To perform what is referred to as a right join in which we retain only those cases with data available in the second (right, y) data frame (performancedata
), we use the all.y=TRUE
argument instead.
# Right join
mergeddf <- merge(personaldata, performancedata, by="id", all.y=TRUE)

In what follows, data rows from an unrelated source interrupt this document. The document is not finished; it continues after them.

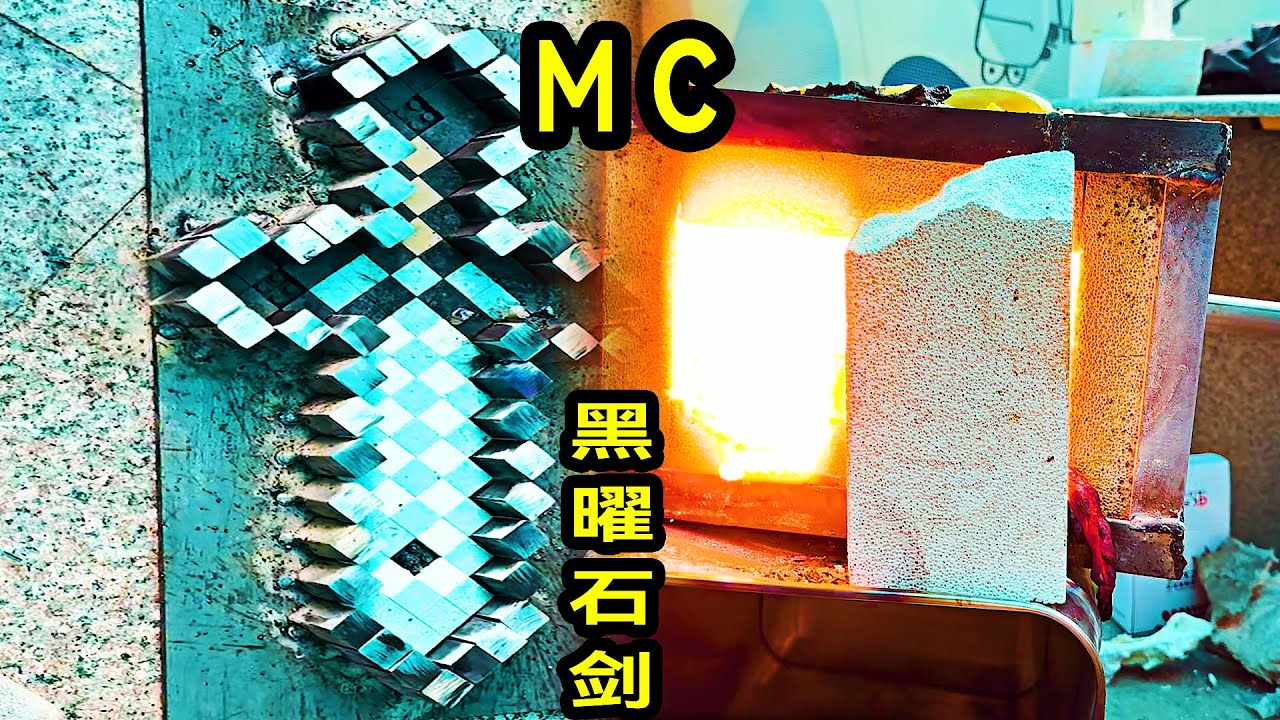 老大南用鐵打造MC無敵黑曜石劍模具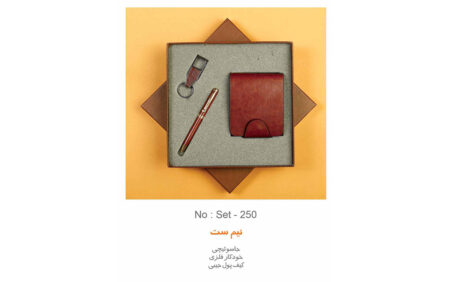 نیم ست مدیریتی تبلیغاتی k-250
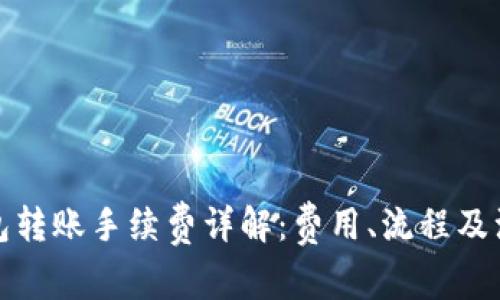 小狐钱包转账手续费详解:费用、流程及注意事项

# Print the joined data frame
mergeddf
## id lastname firstname startdate gender perf_q1 perf_q2 perf_q3 perf_q4
## 1 111 Newton Isaac 1/9/2016 man 3.3 3.3 3.4 3.3
## 2 125 <NA> <NA> <NA> <NA> 2.1 1.9 2.1 2.3
## 3 153 Sanchez Alejandro 1/1/2016 man 3.9 4.8 4.9 5.0
## 4 198 Morales Linda 1/7/2016 woman 4.9 4.5 4.4 4.8
## 5 201 Providence Cindy 1/9/2016 woman 1.2 1.1 1.0 1.0
## 6 282 Legend John 1/9/2016 man 2.2 2.3 2.4 2.5
Note how the right join retains only those cases for which the joined (second, right, y) data frame (i.e., performancedata
) has complete data. Because the first (left, x) data frame lacks data for the case in which id
is equal to 153, an NA
appears for each case from the first data frame that contained missing values on variables from that data frame.